The equation changed today with several Federal Home Loan Banks effectively saying they had been kept out of the loop and have reason to think the settlement is inadequate. While this falls short of a an effort to block the deal, the FHLBs have demanded more information. What they uncover may confirm their argument, that the settlement amount really should be much higher, with their estimate in the range of $22 to $27.5 billion, if not higher.
At a minimum, this move throws a spanner in the works and puts some heavyweight names who can’t be easily dismissed on the other side of the table from BofA and the conflict-ridden trustee, Bank of New York. In addition, New York attorney general Eric Schneiderman has taken a keen interest and may well raise objections to the deal.
From Bloomberg:
The home loan banks, which invested more than $8.8 billion in the mortgage-backed securities, are trying to get access to more information about the deal by joining the case and said a reasonable settlement could pay in the range of $22 billion to $27.5 billion or more.
Expert reports used as legal support for the settlement “raise more questions than they answer,” the home loan banks said in a court filing today in New York State Supreme Court, where a judge will consider approving the settlement later this year….The Federal Home Loan Banks of Boston, Chicago, Indianapolis, Pittsburgh, San Francisco and Seattle are seeking to intervene in the case and may oppose the settlement.

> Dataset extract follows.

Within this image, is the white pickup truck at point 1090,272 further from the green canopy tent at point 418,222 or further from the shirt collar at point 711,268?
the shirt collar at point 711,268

Was not Countrywide borrowing over 50 Billion from the FHL Bank of Atlanta? Wonder if they had an open door at the borrow window if they had an similarly open door when it came time to selling securities.
I don’t understand how the chain of title flaws, many fatal, can be “broadly released”.

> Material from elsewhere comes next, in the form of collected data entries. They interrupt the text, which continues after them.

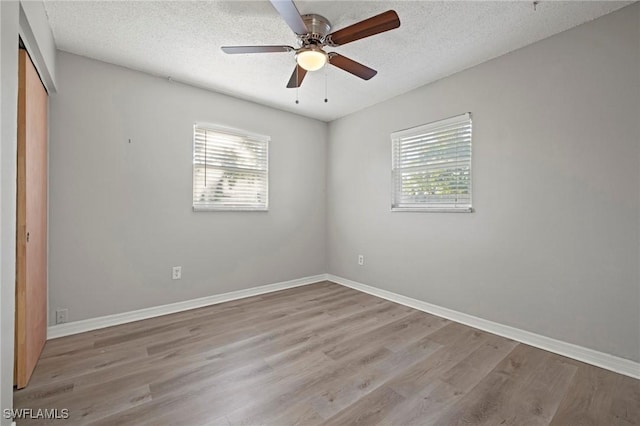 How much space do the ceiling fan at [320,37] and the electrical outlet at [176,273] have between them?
2271mm

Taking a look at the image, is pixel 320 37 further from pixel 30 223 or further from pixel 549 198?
pixel 30 223

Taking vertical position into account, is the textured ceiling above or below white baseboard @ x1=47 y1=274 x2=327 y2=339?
above

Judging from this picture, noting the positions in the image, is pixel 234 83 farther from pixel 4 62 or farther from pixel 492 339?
pixel 492 339

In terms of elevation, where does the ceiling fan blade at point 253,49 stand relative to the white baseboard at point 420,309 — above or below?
above

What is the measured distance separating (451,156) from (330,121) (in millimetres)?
2130

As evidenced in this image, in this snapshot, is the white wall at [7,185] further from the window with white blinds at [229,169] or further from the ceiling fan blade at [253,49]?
the window with white blinds at [229,169]

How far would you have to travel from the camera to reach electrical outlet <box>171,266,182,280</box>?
313 cm

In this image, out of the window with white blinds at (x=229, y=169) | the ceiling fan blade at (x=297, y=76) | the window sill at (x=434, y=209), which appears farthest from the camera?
the window with white blinds at (x=229, y=169)

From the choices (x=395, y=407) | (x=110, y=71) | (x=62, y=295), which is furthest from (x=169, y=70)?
(x=395, y=407)

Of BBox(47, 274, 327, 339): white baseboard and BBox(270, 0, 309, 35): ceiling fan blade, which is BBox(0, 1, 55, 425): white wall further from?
BBox(47, 274, 327, 339): white baseboard

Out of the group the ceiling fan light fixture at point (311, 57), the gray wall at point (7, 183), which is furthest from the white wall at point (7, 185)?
the ceiling fan light fixture at point (311, 57)

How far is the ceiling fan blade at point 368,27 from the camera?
66.8 inches

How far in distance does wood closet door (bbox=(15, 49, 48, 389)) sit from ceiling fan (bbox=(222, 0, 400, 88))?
1.34 m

These laws are complex and vary by state.
I believe that litigation from the borrower side will rightly increase.
More and more, Judges are taking the time to look deeply into this issue and take it seriously.
Like this one…
Federal Foreclosure Judge Requests Evidence. In Fact He Insists.
For those interested I’ll put the transcript on the Hamlet as soon as I get my mitts on it.

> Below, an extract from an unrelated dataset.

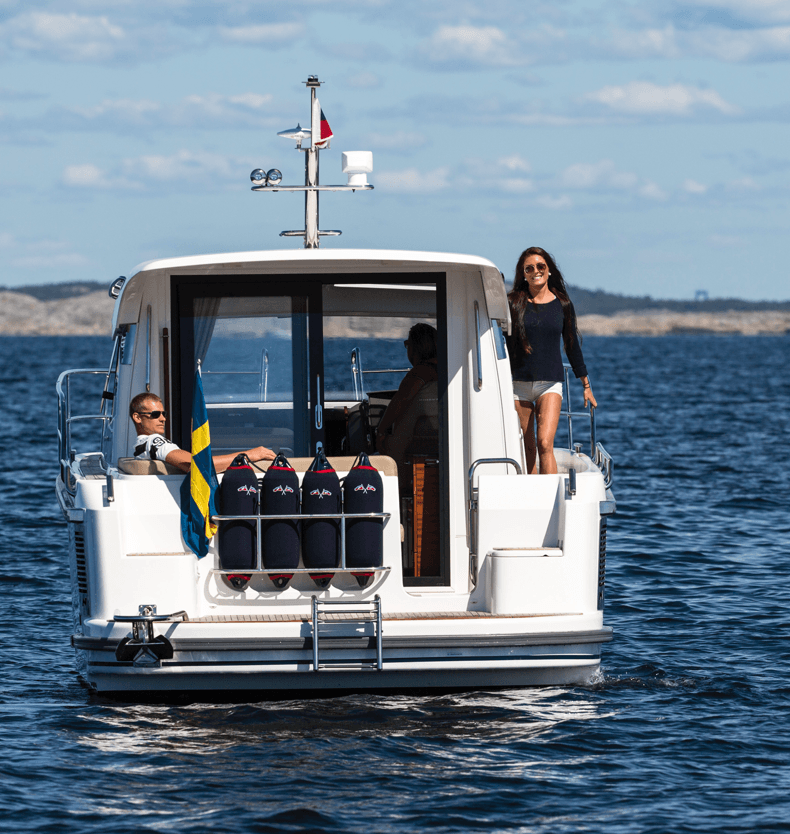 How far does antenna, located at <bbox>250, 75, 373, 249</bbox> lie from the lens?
8.11 meters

The big one in the Judge’s Order is the Fryzel case.
Fryzel flies in the face of the Veal opinion…and the mills have hung their hats on the Bucci case (which has been appealed)
If you read into the three page order it is worth noting that Judge McConnell specifically mentions Bucci. One could infer he may not be in agreement with Judge Silverstein’s ruling on Bucci v. Lehman Bros.
So this is a pretty big deal…another Judge Schack may emerge.